- What you should do
Repeat each record exactly, skipping the pictures.
====== Information supplied
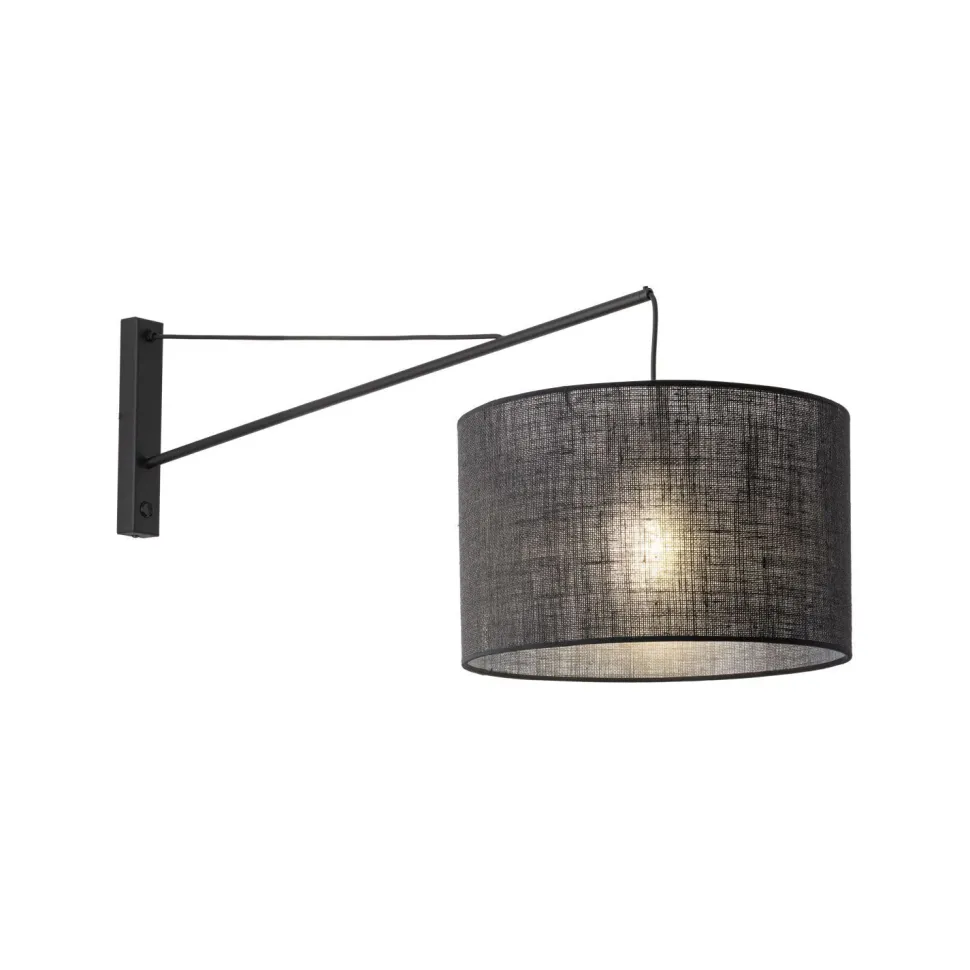 Wandlampe groß T: 1 m B: 38 cm XXL Schwarz E27 Metall Stoff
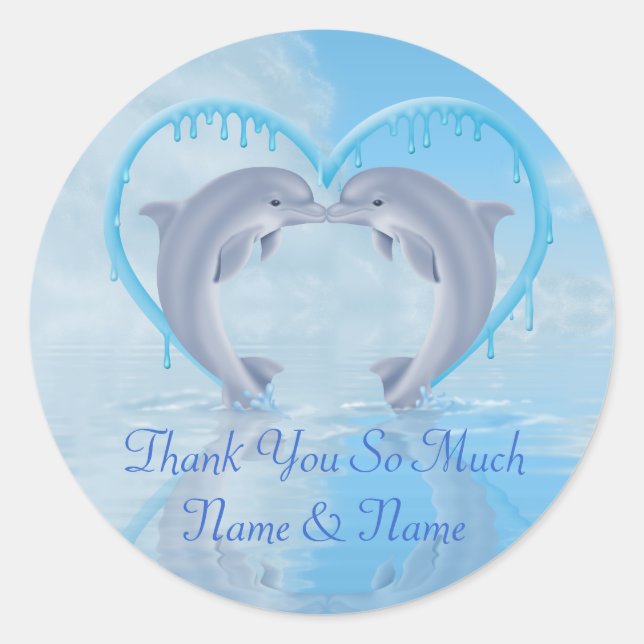 Dolphin Vielen Dank Gastgeschenk Hochzeit Stickers (Vorderseite)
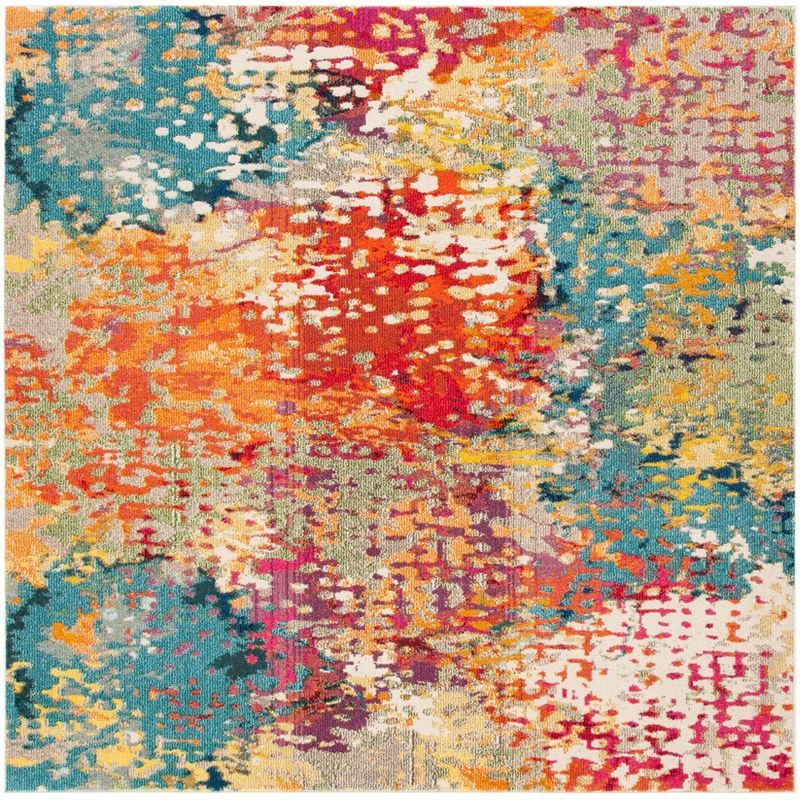 Ivory and Multicolor Square Synthetic Area Rug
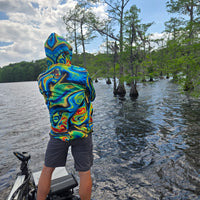 ShredFin StormSurge Hooded Performance Shirt | Sonar Swirl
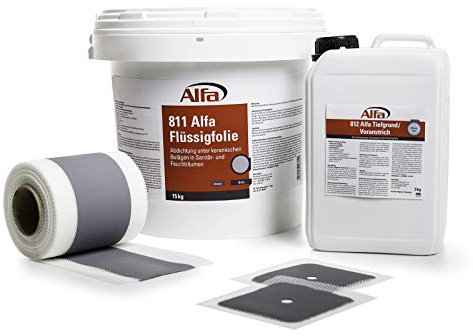Alfa Abdichtungs-Set - 15 kg Flüssigfolie, 3 kg Tiefengrund, 15 m Dichtband, 2 x Manschetten - Dusche Bad Küche Abdichtung Dicht-Set
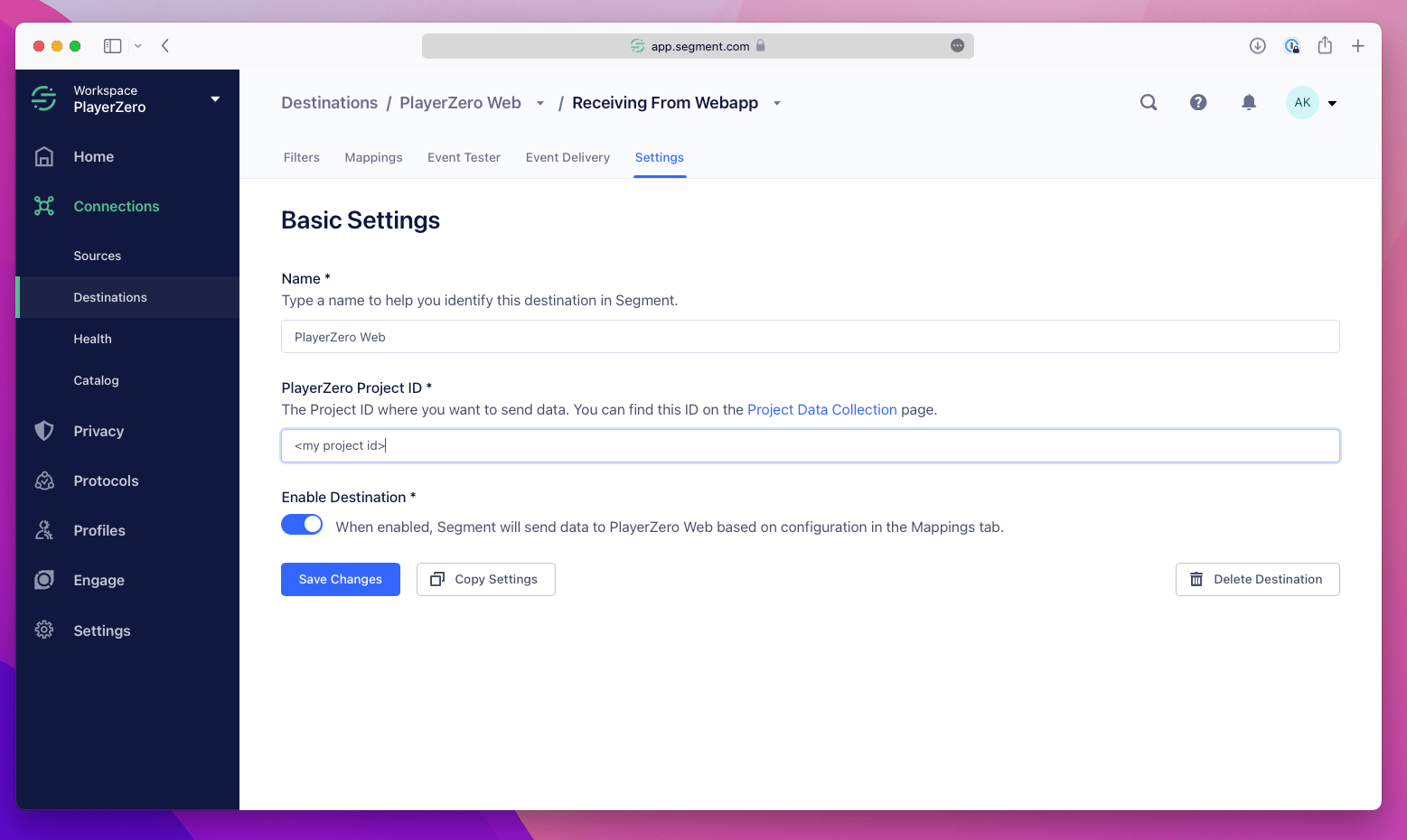 Segment Setup Step 2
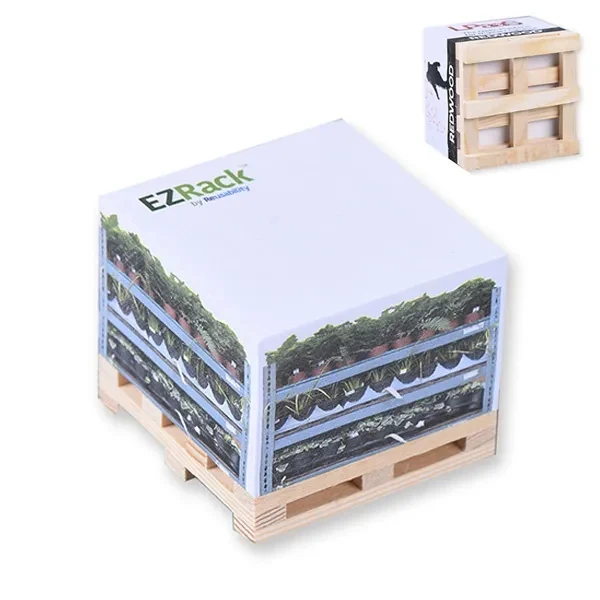 Custom Notepad Cube With Wood Pallet 1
============
- Task result
 Wandlampe groß T: 1 m B: 38 cm XXL Schwarz E27 Metall Stoff
 Dolphin Vielen Dank Gastgeschenk Hochzeit Stickers (Vorderseite)
 Ivory and Multicolor Square Synthetic Area Rug
 ShredFin StormSurge Hooded Performance Shirt | Sonar Swirl
Alfa Abdichtungs-Set - 15 kg Flüssigfolie, 3 kg Tiefengrund, 15 m Dichtband, 2 x Manschetten - Dusche Bad Küche Abdichtung Dicht-Set
 Segment Setup Step 2
 Custom Notepad Cube With Wood Pallet 1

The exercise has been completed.